■ **Available data**
****************************************
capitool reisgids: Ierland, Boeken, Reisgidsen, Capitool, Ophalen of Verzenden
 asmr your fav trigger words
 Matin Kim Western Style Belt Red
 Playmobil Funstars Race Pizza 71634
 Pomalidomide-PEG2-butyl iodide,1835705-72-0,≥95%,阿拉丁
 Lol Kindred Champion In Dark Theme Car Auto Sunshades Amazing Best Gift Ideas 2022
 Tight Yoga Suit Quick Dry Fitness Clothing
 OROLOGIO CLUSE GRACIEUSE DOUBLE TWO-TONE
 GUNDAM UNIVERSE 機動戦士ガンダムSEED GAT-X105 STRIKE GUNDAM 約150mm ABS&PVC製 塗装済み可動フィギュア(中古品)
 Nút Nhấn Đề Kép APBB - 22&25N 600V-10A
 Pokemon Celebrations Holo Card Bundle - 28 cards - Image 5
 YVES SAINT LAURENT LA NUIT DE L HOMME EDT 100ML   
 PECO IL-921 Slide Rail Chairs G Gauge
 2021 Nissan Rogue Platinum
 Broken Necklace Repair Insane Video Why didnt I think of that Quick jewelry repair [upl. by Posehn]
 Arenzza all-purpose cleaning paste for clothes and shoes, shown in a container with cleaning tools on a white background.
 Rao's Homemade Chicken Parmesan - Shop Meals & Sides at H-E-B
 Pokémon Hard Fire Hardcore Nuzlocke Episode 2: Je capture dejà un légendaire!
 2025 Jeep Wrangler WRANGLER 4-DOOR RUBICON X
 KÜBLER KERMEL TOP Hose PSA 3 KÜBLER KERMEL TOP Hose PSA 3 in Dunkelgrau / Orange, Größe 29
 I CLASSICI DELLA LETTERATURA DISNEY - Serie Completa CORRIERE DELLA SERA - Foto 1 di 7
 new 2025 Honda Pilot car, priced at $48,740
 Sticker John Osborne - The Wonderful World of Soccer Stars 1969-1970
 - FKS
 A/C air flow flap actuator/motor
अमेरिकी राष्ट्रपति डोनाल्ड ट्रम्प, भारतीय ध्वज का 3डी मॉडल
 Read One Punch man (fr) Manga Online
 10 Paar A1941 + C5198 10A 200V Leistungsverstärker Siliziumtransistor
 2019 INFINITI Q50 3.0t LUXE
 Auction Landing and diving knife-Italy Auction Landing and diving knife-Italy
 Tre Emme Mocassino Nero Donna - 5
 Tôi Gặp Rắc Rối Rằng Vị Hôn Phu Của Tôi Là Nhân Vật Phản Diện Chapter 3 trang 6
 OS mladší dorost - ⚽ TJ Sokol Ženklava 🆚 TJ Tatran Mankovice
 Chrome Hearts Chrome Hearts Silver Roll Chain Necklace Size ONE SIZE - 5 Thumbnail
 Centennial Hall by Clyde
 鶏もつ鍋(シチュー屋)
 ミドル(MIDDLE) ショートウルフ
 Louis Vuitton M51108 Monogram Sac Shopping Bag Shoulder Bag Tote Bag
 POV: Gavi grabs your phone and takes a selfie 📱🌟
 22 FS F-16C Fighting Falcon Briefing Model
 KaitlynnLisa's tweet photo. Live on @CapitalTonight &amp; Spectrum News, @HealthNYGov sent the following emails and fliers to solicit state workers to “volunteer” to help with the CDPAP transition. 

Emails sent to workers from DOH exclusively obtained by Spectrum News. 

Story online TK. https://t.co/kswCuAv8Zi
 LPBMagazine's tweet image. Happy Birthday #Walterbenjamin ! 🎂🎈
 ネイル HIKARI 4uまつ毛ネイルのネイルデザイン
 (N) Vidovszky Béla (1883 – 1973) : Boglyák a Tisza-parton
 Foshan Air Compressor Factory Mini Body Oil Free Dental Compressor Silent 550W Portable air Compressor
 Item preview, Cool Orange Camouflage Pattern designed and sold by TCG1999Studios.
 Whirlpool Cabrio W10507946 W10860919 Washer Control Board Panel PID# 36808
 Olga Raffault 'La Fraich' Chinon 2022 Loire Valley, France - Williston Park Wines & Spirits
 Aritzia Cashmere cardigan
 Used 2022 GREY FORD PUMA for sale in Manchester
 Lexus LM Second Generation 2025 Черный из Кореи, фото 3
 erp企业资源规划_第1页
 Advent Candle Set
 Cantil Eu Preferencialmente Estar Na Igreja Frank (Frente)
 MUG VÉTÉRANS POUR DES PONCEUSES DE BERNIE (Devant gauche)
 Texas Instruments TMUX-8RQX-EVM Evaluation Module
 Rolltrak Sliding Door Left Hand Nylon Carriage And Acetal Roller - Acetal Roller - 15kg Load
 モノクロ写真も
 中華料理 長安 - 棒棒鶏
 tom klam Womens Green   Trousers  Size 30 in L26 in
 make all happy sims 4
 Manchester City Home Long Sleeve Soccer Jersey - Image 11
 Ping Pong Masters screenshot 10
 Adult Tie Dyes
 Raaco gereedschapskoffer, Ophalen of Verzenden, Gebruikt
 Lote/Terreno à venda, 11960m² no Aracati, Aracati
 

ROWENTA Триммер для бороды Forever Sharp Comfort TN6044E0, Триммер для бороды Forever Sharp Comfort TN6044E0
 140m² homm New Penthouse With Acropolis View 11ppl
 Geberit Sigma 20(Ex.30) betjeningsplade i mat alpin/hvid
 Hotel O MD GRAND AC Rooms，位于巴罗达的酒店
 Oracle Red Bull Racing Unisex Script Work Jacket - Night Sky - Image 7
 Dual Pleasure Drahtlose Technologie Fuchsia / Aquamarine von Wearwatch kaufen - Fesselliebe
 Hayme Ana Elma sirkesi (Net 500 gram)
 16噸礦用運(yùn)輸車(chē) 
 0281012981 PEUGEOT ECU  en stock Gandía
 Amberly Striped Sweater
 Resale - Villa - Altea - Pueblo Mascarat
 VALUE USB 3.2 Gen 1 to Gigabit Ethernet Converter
****************************************
■ **What to produce**
Give back the material in full, word for word.

■ **Output below**
capitool reisgids: Ierland, Boeken, Reisgidsen, Capitool, Ophalen of Verzenden
 asmr your fav trigger words
 Matin Kim Western Style Belt Red
 Playmobil Funstars Race Pizza 71634
 Pomalidomide-PEG2-butyl iodide,1835705-72-0,≥95%,阿拉丁
 Lol Kindred Champion In Dark Theme Car Auto Sunshades Amazing Best Gift Ideas 2022
 Tight Yoga Suit Quick Dry Fitness Clothing
 OROLOGIO CLUSE GRACIEUSE DOUBLE TWO-TONE
 GUNDAM UNIVERSE 機動戦士ガンダムSEED GAT-X105 STRIKE GUNDAM 約150mm ABS&PVC製 塗装済み可動フィギュア(中古品)
 Nút Nhấn Đề Kép APBB - 22&25N 600V-10A
 Pokemon Celebrations Holo Card Bundle - 28 cards - Image 5
 YVES SAINT LAURENT LA NUIT DE L HOMME EDT 100ML   
 PECO IL-921 Slide Rail Chairs G Gauge
 2021 Nissan Rogue Platinum
 Broken Necklace Repair Insane Video Why didnt I think of that Quick jewelry repair [upl. by Posehn]
 Arenzza all-purpose cleaning paste for clothes and shoes, shown in a container with cleaning tools on a white background.
 Rao's Homemade Chicken Parmesan - Shop Meals & Sides at H-E-B
 Pokémon Hard Fire Hardcore Nuzlocke Episode 2: Je capture dejà un légendaire!
 2025 Jeep Wrangler WRANGLER 4-DOOR RUBICON X
 KÜBLER KERMEL TOP Hose PSA 3 KÜBLER KERMEL TOP Hose PSA 3 in Dunkelgrau / Orange, Größe 29
 I CLASSICI DELLA LETTERATURA DISNEY - Serie Completa CORRIERE DELLA SERA - Foto 1 di 7
 new 2025 Honda Pilot car, priced at $48,740
 Sticker John Osborne - The Wonderful World of Soccer Stars 1969-1970
 - FKS
 A/C air flow flap actuator/motor
अमेरिकी राष्ट्रपति डोनाल्ड ट्रम्प, भारतीय ध्वज का 3डी मॉडल
 Read One Punch man (fr) Manga Online
 10 Paar A1941 + C5198 10A 200V Leistungsverstärker Siliziumtransistor
 2019 INFINITI Q50 3.0t LUXE
 Auction Landing and diving knife-Italy Auction Landing and diving knife-Italy
 Tre Emme Mocassino Nero Donna - 5
 Tôi Gặp Rắc Rối Rằng Vị Hôn Phu Của Tôi Là Nhân Vật Phản Diện Chapter 3 trang 6
 OS mladší dorost - ⚽ TJ Sokol Ženklava 🆚 TJ Tatran Mankovice
 Chrome Hearts Chrome Hearts Silver Roll Chain Necklace Size ONE SIZE - 5 Thumbnail
 Centennial Hall by Clyde
 鶏もつ鍋(シチュー屋)
 ミドル(MIDDLE) ショートウルフ
 Louis Vuitton M51108 Monogram Sac Shopping Bag Shoulder Bag Tote Bag
 POV: Gavi grabs your phone and takes a selfie 📱🌟
 22 FS F-16C Fighting Falcon Briefing Model
 KaitlynnLisa's tweet photo. Live on @CapitalTonight &amp; Spectrum News, @HealthNYGov sent the following emails and fliers to solicit state workers to “volunteer” to help with the CDPAP transition. 

Emails sent to workers from DOH exclusively obtained by Spectrum News. 

Story online TK. https://t.co/kswCuAv8Zi
 LPBMagazine's tweet image. Happy Birthday #Walterbenjamin ! 🎂🎈
 ネイル HIKARI 4uまつ毛ネイルのネイルデザイン
 (N) Vidovszky Béla (1883 – 1973) : Boglyák a Tisza-parton
 Foshan Air Compressor Factory Mini Body Oil Free Dental Compressor Silent 550W Portable air Compressor
 Item preview, Cool Orange Camouflage Pattern designed and sold by TCG1999Studios.
 Whirlpool Cabrio W10507946 W10860919 Washer Control Board Panel PID# 36808
 Olga Raffault 'La Fraich' Chinon 2022 Loire Valley, France - Williston Park Wines & Spirits
 Aritzia Cashmere cardigan
 Used 2022 GREY FORD PUMA for sale in Manchester
 Lexus LM Second Generation 2025 Черный из Кореи, фото 3
 erp企业资源规划_第1页
 Advent Candle Set
 Cantil Eu Preferencialmente Estar Na Igreja Frank (Frente)
 MUG VÉTÉRANS POUR DES PONCEUSES DE BERNIE (Devant gauche)
 Texas Instruments TMUX-8RQX-EVM Evaluation Module
 Rolltrak Sliding Door Left Hand Nylon Carriage And Acetal Roller - Acetal Roller - 15kg Load
 モノクロ写真も
 中華料理 長安 - 棒棒鶏
 tom klam Womens Green   Trousers  Size 30 in L26 in
 make all happy sims 4
 Manchester City Home Long Sleeve Soccer Jersey - Image 11
 Ping Pong Masters screenshot 10
 Adult Tie Dyes
 Raaco gereedschapskoffer, Ophalen of Verzenden, Gebruikt
 Lote/Terreno à venda, 11960m² no Aracati, Aracati
 

ROWENTA Триммер для бороды Forever Sharp Comfort TN6044E0, Триммер для бороды Forever Sharp Comfort TN6044E0
 140m² homm New Penthouse With Acropolis View 11ppl
 Geberit Sigma 20(Ex.30) betjeningsplade i mat alpin/hvid
 Hotel O MD GRAND AC Rooms，位于巴罗达的酒店
 Oracle Red Bull Racing Unisex Script Work Jacket - Night Sky - Image 7
 Dual Pleasure Drahtlose Technologie Fuchsia / Aquamarine von Wearwatch kaufen - Fesselliebe
 Hayme Ana Elma sirkesi (Net 500 gram)
 16噸礦用運(yùn)輸車(chē) 
 0281012981 PEUGEOT ECU  en stock Gandía
 Amberly Striped Sweater
 Resale - Villa - Altea - Pueblo Mascarat
 VALUE USB 3.2 Gen 1 to Gigabit Ethernet Converter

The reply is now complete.